Castlebar, well what can i say about my hometown, i could probably nearly write a full length novel about some of the stories i have encountered both as a spectator and a promoter down through the years. In my youth i wanted to break out and travel at a very early age. Having long hair and listening to Rock music and having no real interest in sport was a “no no” in the area. But I wanted to be free, at times i felt i didn’t fit in. Looking back now, growing up the area it was one of the best times of my life.
I have a feeling that maybe i have told this story on so many levels before but i feel like maybe discussing it again this from a different angle. But this time i want to go back to the nineties in Castlebar
In the summer of 1992 i began attending the local discos that took place at St Gerald’s Social Club based on Charles street across the street from the catholic church in Castlebar.
At that time if i remember correctly the events in the club were organised by Brendan Silke and Malcolm Quigley. I attended the discos so often that summer that eventually i was approached to do work on the door and stand in and do a bit of DJing early in the night whilst we waited for the main DJ to arrive and take to the stage.
Back then it was young “bushy” red headed man that pretty much was the spitting image of Channel 4 presenter Chris Evan called Tony Gallagher who later went on to gain the name “Mr Techno”, Tony could have been Chris’s doppleganer!! Tony later that year went on to form the cult radio station that became locally known as Kiss Fm from 1992-1993.
Back in those days the slow set was a big deal, Roxette and Bryan Adams was usually the choice of tunes, on the dance floor the guys were separated on the left hand side of the room and the ladies on the right.
It would usually take a friend of a friend to approach the ladies to see if they were interested in shifting their mate across the dance floor or if they were interested in a slow dance.
The live music scene was bustling with live bands on the main street, The Cellar Bar was the regular hang out if you were a Rocker or a mod. Back then The Cellar bar was made of cobble stone walls and a cobble stone floor much like The Humbert Inn in later years. The band name i came remember from back in the day were called “The Icabods” headed by Colin Peyton , Uncle Fuzz headed by Mick Sheridan, Paul (Manogs) Mannion, Ger Staunton and Keith Fadden.
In the mid to late nineties Stalky’s Bar became a local of mine, i was still underage at the time 15 or 16 and i always looked a lot older for my age so i would regularly pass for 18 or 19. Long hair and the grunge look was definitely the style of choice.

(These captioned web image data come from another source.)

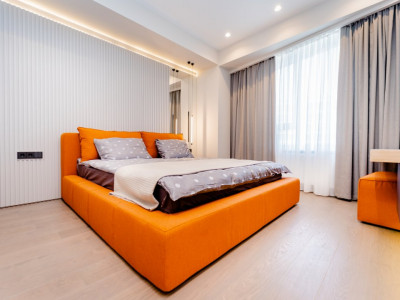 Chirie, apartament exclusiv cu 2 camere + living în complexul Oasis!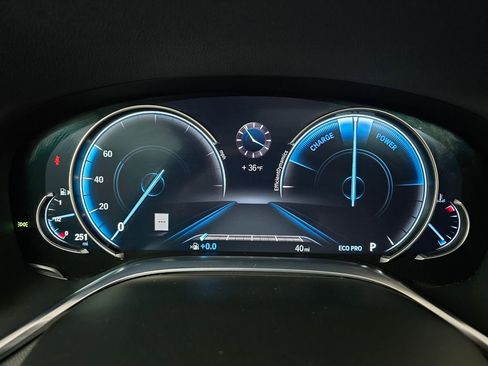 Used 2016 BMW 750i xDrive image 40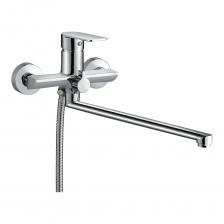 Смеситель для ванны с длинным изливом NENSA изготовлен из высококачественной латуни. Данный смеситель имеет однозахватную конструкцию, что позволяет легко и быстро настраивать температуру и напор воды одной рукой. Корпус смесителей изготовлен из прочной и долговечной латуни, а гальваническое покрытие обеспечивает стильный внешний вид и надежную защиту от коррозии.Переключение между режимами «душ» и «ванна» осуществляется легким поворотом переключателя. Длина излива составляет 350 мм, что обеспечивает комфортное использование и достаточный радиус действия.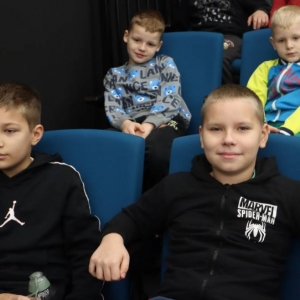 pokaż obrazek - Spektakl pt. „Kije samobije”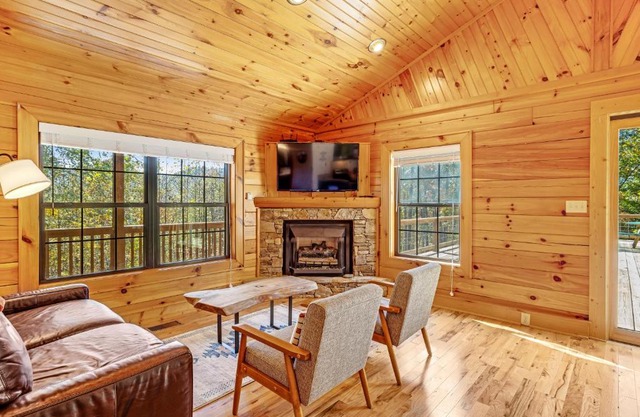Happy Top Hideaway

Back in those days there was several different bars that used to put on live music, these included Flannelly’s bar, The Humbert Inn, The Cellar Bar, The County Bar, and even the Imperial Hotel on the Mall in Castlebar.
In the late nineties i became more and more influenced and decided to call The Humbert Inn my local. Several rock bands and artists made their name in The Humbert, bands such Hammer Duck, Halyard, Uncle Fuzz, The Marbles Electric Messiah, Purge amongst many even Mary Black started out there in the early 70s. I am sure there bands i have left out here and my apologies if it is so.
It was a great time to be growing in Castlebar, local promoter Webster Macneely had a very successful night in the TF Royal Theatre called Brasilia and The Blue Room, The Rave scene was also thriving in Mayo thanks to Webster which saw many young punters from around Mayo and further afield come to Castlebar.
Hundreds and we mean hundreds (by no exaggeration) of people would travel to Castlebar especially for these events and ques the size of my arm would line up outside the TF on a Friday and Saturday night to get in. Competition between the TF and the Welcome Inn Hotel was healthy on both sides.
Dance acts such as The Prodigy played a show here in the nineties just before Music for The Jilted Generation was release. If i remember correctly there was so many different styles and gangs, the mods, the rockers and the ravers, even Cure heads. It was almost a cult for a while. You had to take a side.
From speaking personally and maybe like so many others who grew in the area i have great memories of a lot more innocent time from a town that has a great history that we should all be really proud of. Everybody i came to know since then and now has provided some form of input in creating a healthy live music scene.